Assume $x$ is a Lebesgue point of function $f$. Obviously, we have the following, $$\lim_{r\to 0}\frac{1}{m(B(x,r))}\int_{B(x,r)}|f(y)-f(x)|dy=0.$$ Based on this, can we conclude the following equality? $$|f(x)| = \lim_{r\to 0}\frac{1}{m(B(x,r))}\int_{B(x,r)}|f(y)|dy.$$ I guess we may need the triangle inequality to prove this.

Answer 1

Note that $|f(y) - f(x)| \geq \big||f(y)| - |f(x)|\big|$. So we have by linearity, monotonicity and absolute value relations: $$ \left[\frac 1{m(B(x,r))} \int_{B(x,r)} |f(y) - f(x)|dy\right] \\\geq \left[\frac 1{m(B(x,r))} \int_{B(x,r)} \big||f(y) - f(x)|\big|dy\right] \\\geq \left[\frac 1{m(B(x,r))} \left|\int_{B(x,r)} |f(y)| - |f(x)|dy\right|\right] \\\geq \left|\frac 1{m(B(x,r))} \int_{B(x,r)} |f(y)| dy - \frac 1{m(B(x,r))} \int_{B(x,r)} |f(x)| dy \right| \\\geq \left|\frac 1{m(B(x,r))} \int_{B(x,r)} |f(y)| dy - |f(x)|\right| $$

First expression goes to zero, then last expression goes to zero.

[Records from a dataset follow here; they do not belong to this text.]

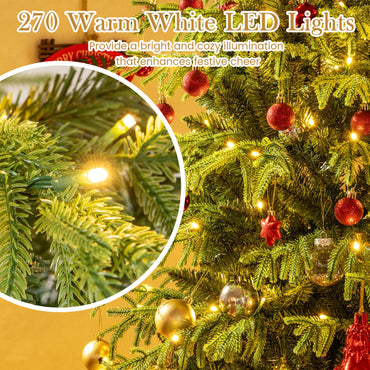 Goflame Pre-Lit Artificial Christmas Tree with PVC & Soft TPE Branch Tips & Foldable Metal Stand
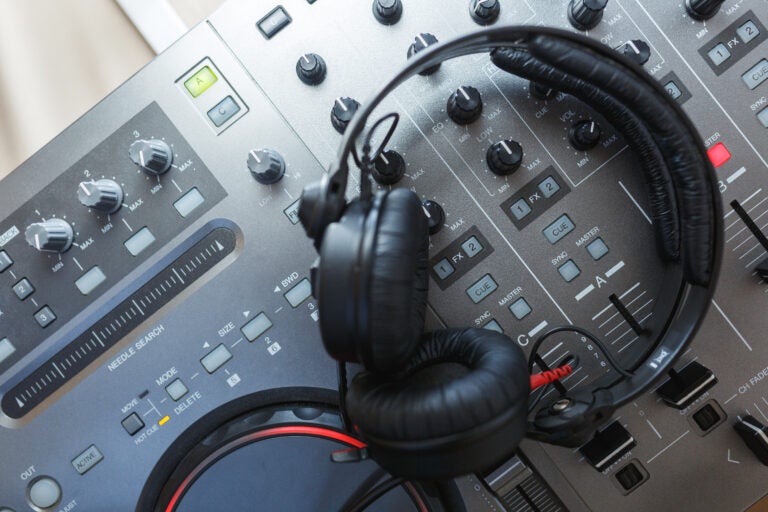 DJ mixer with headphones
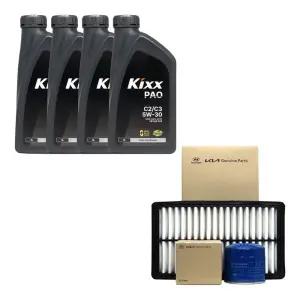 YF쏘나타 가솔린 엔진오일 킥스 파오 5W30 4리터 순정 오일필터 에어필터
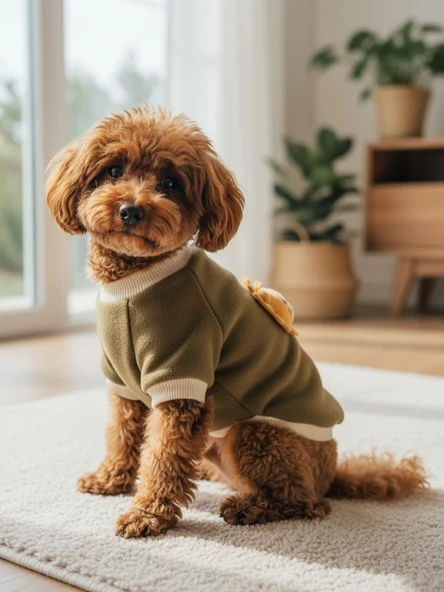 Minik Aslan Köpek Sweatshirt – Haki - Resim 8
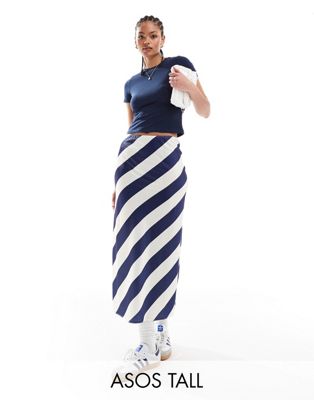 ASOS DESIGN Tall satin bias midi skirt in navy stripe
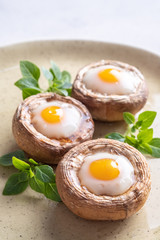 Mushrooms stuffed with quail eggs
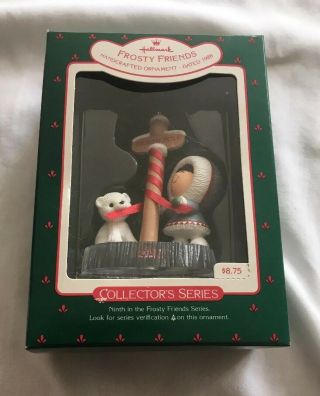 1988 Hallmark Keepsake Frosty Friends Christmas Ornament Eskimo Polar Bear 9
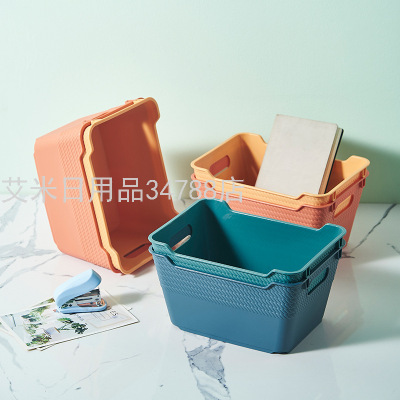Sundries Storage Basket Desktop Snack Storage Box Plastic Cosmetic Storage Box Household Kitchen Storage Box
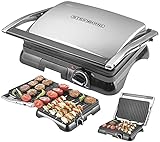 Kontaktgrill | 2.000 Watt | Elektrischer Tischgrill | Elektrischer Grill | Paninigrill | Sandwichtoaster | Sandwichmaker | Cool-Touch-Technologie | Fettauffangschale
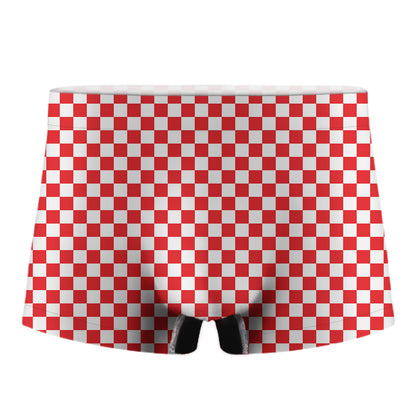 Red And White Checkered Pattern Print Men's Boxer Briefs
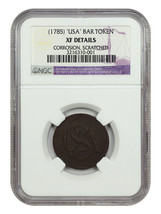 (1785) &#39;USA&#39; Bar Token NGC XF Details (Corrosion, Scratched) - £3,853.23 GBP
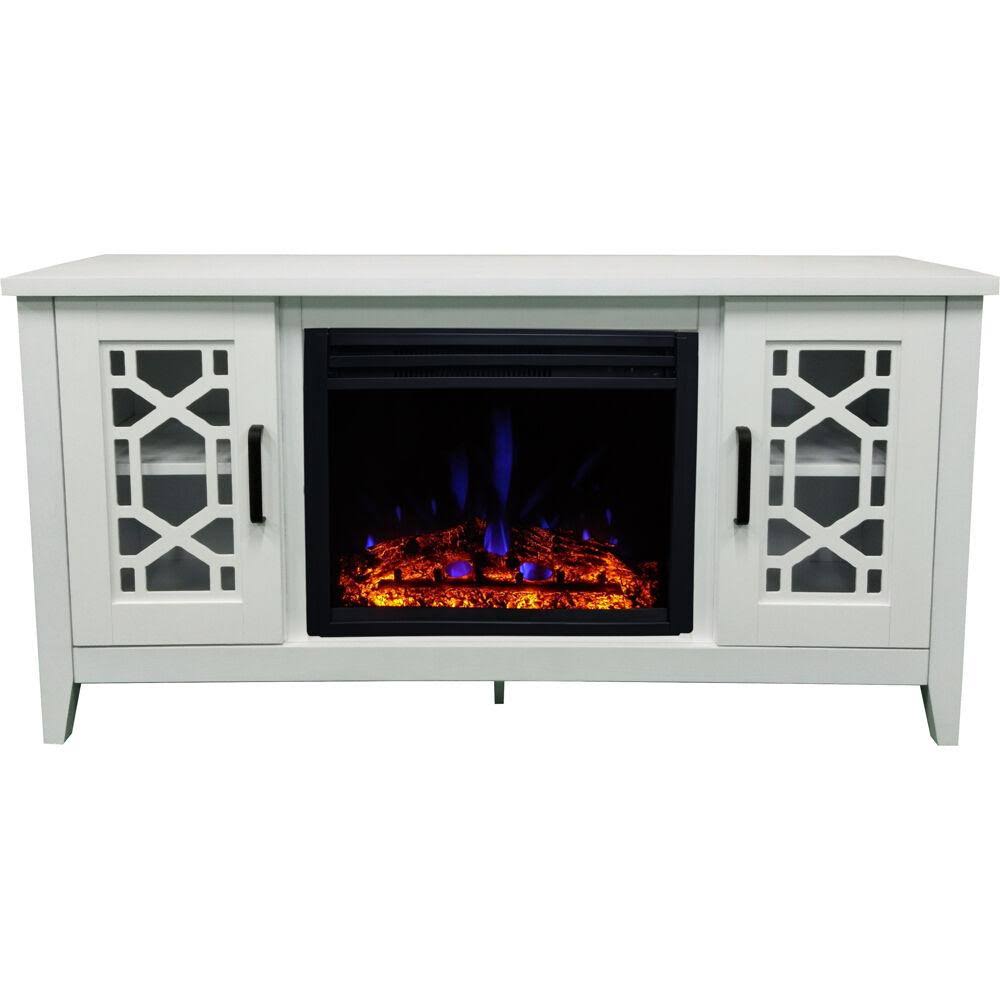 Mahogany Mid-Century Modern Electric Fireplace with Multi-Color Log Insert R6200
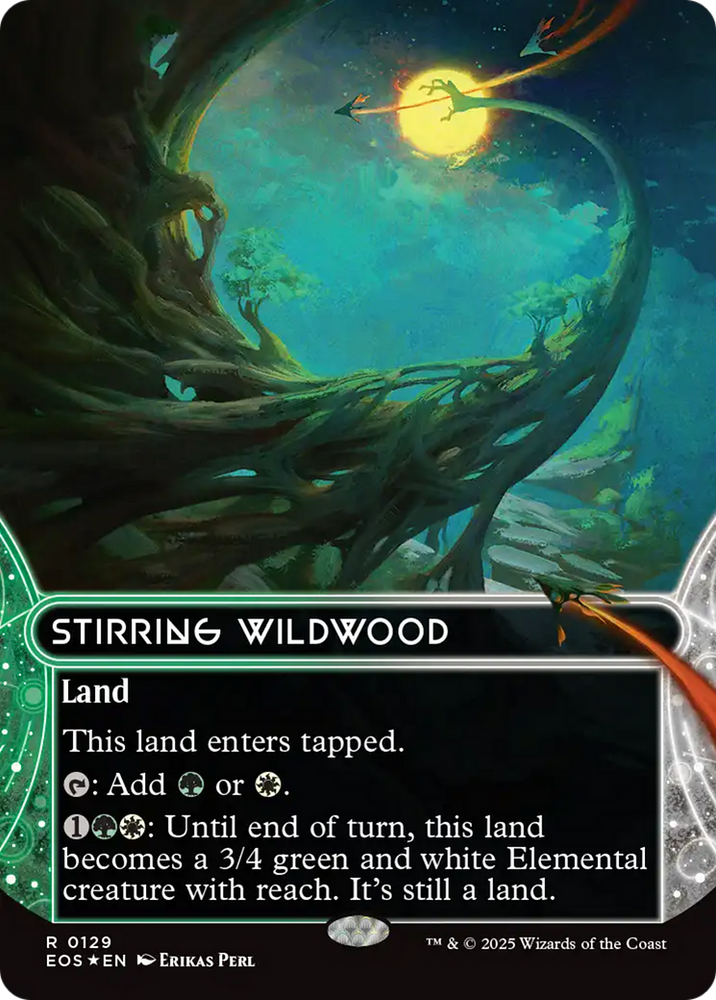Stirring Wildwood (0129) (Borderless) (Galaxy Foil) [Edge of Eternities: Stellar Sights] Magic: The Gathering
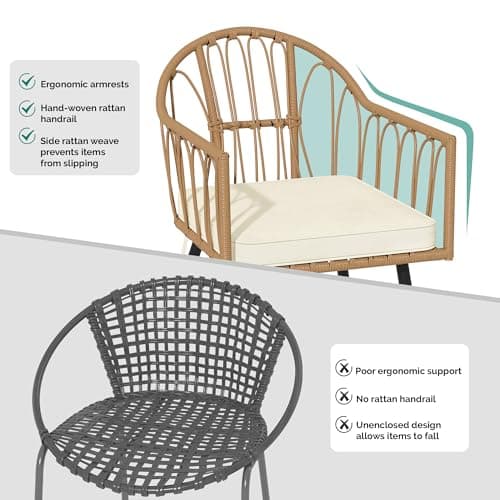 YITAHOME Bistro Chairs Set of 4 Rattan Outdoor Dining Chairs with Arms & Cushions Woven Rattan Chair with Curved Backrest All-Weather Wicker Patio Dining Chair for Patio or Restaurant, Beige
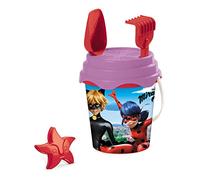Mondo Toys - BUCKET SET + WATER CAN MIRACULOUS - Seau 17 cm avec cruche pour eau - Jouet de plage (6 pièces) pour enfants - 28407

Note that the converse is not true.

Answer 2

Yes. You want to show that $\frac 1 {m(B(x,r)}\int_{B(x,r)} [|f(y)|-|f(x)|]dy \to 0$ and this follows from theinequality $||f(y)|-|f(x)|| \leq |f(y)-f(x)|$.

[I have used the fact that $\frac 1 {m(B(x,r)}\int_{B(x,r)} |f(x)|dy =|f(x)|$].